As someone who once found himself at the sharp end of a wrist blade, Black appreciates that viscera need to fly. And fly they do, freely and often, in a propulsive, self-knowingly OTT action-chase narrative that starts strongly as The Loonies buddy up with rogue sniper Quinn Mckenna (Holbrook) and Munn’s spiky egghead to tackle the titular “space-alien” — and the upgraded, unfortunately Cgi-dependent, Hulk-like mega-pred that’s on its tail.
But there is a malicious gleefulness to the violence that unmoors the story as the rampage rumbles on. It is one thing to have Predators gutting, filleting and exploding people all over the shop, but to show Mckenna coldly kill a man with a tranquiliser dart shot into his eyeball at point-blank range — in front of his young son (Tremblay), no less — then joke about it displays a squirmy absence of empathy.

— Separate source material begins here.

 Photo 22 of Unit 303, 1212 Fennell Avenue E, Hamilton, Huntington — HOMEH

There’s also a sloppy choppiness to the action that renders later sequences virtually senseless. Black cuts and zips around so frantically that fine detail is smeared and potentially good gags (including one involving a character wearing a Predator shoulder-cannon) go barely registered. He’s having such fun being an ’80s action gore-hound kid again, he’s forgotten that viewers actually need to follow the game he’s playing.

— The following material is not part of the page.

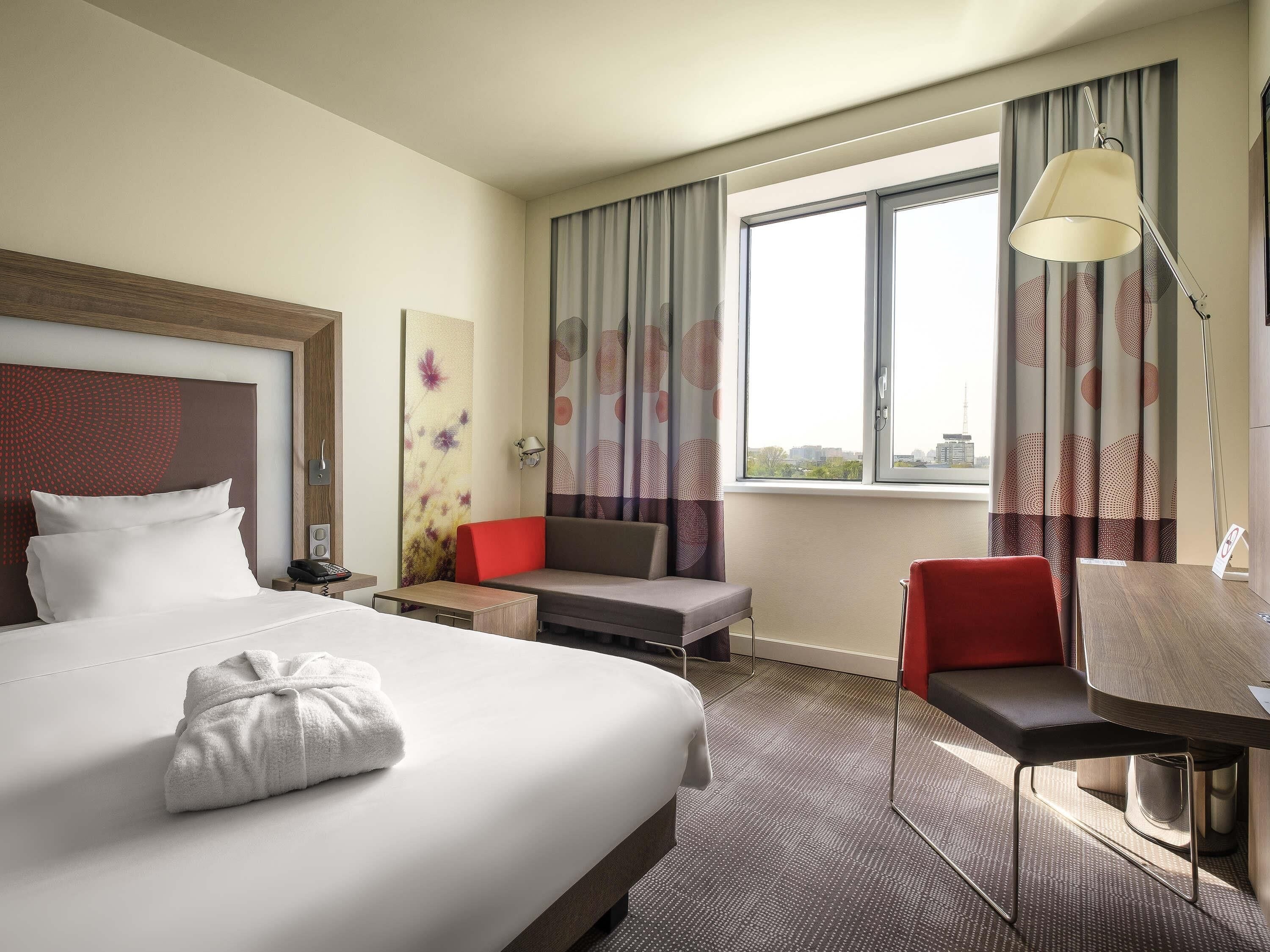 Superior Room, 1 Double Bed | 1 bedroom, minibar, in-room safe, desk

Still, the film benefits from a scrappy, sardonic appeal to the character interplay (if rather retrograde in its attitude to mental issues), with a solid, winning supporting class, including Sterling K. Brown as a snide Predator-hunter who doesn’t get the screen time he deserves. And Black and Dekker build on the lore in an intriguing way that fans might appreciate as much as they do the writers’ droll respect for the original.
VERDICT Uneven, occasionally unsavoury and at times frustratingly muddled, but there’s enough bloody, ’80s-style fun in The Predator to give it a pass from long-term fans.